== GIVEN INFORMATION ==
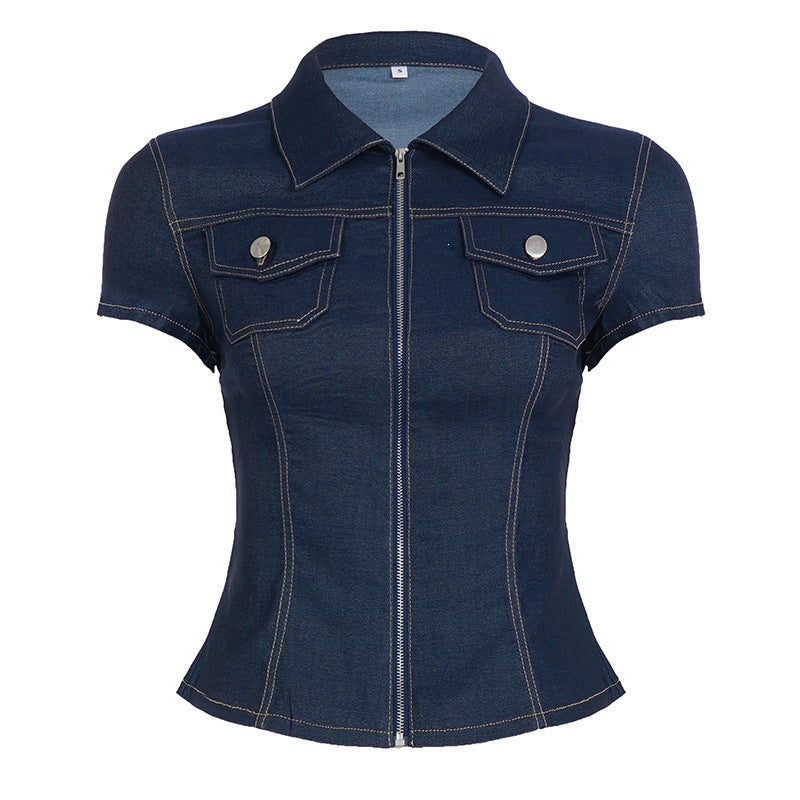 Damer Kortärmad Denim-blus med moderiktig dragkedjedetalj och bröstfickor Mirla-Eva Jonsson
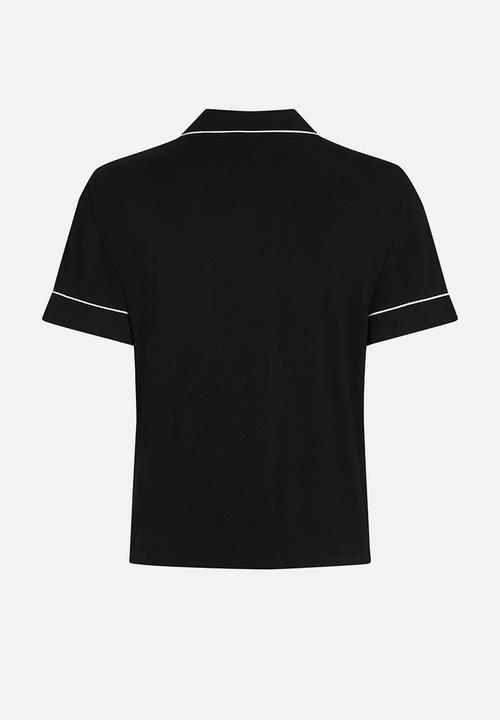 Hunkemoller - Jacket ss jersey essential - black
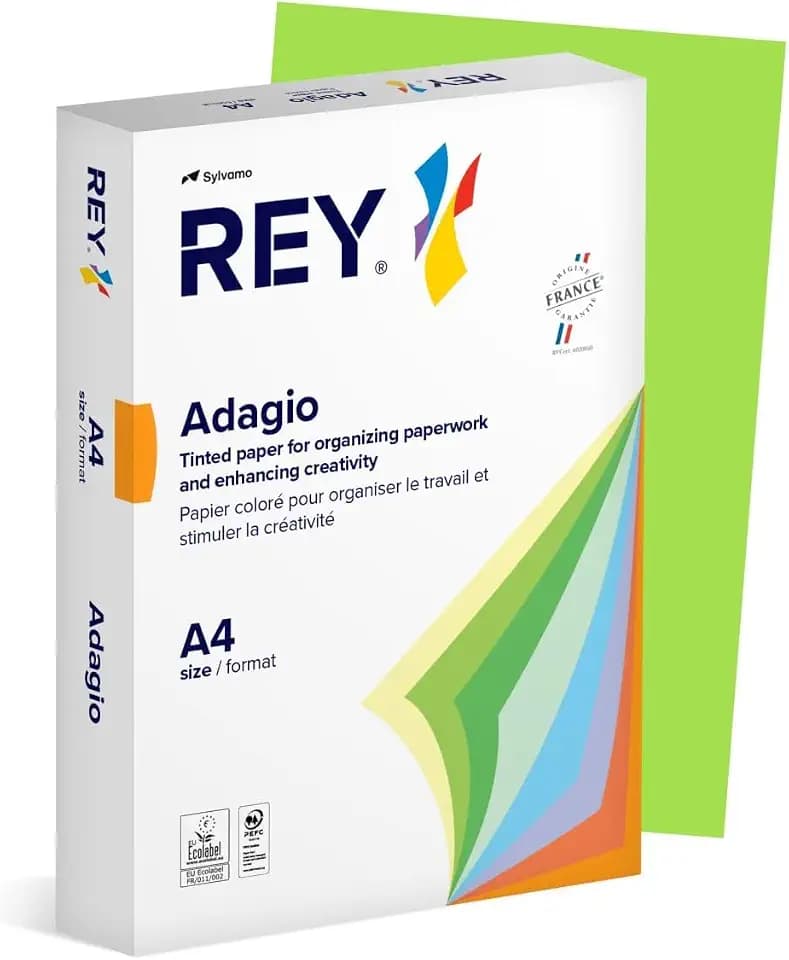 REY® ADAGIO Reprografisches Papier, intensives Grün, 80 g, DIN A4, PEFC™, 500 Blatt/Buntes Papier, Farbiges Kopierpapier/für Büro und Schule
===
In your copy of the material, every word must match and no image should appear.

 Damer Kortärmad Denim-blus med moderiktig dragkedjedetalj och bröstfickor Mirla-Eva Jonsson
 Hunkemoller - Jacket ss jersey essential - black
 REY® ADAGIO Reprografisches Papier, intensives Grün, 80 g, DIN A4, PEFC™, 500 Blatt/Buntes Papier, Farbiges Kopierpapier/für Büro und Schule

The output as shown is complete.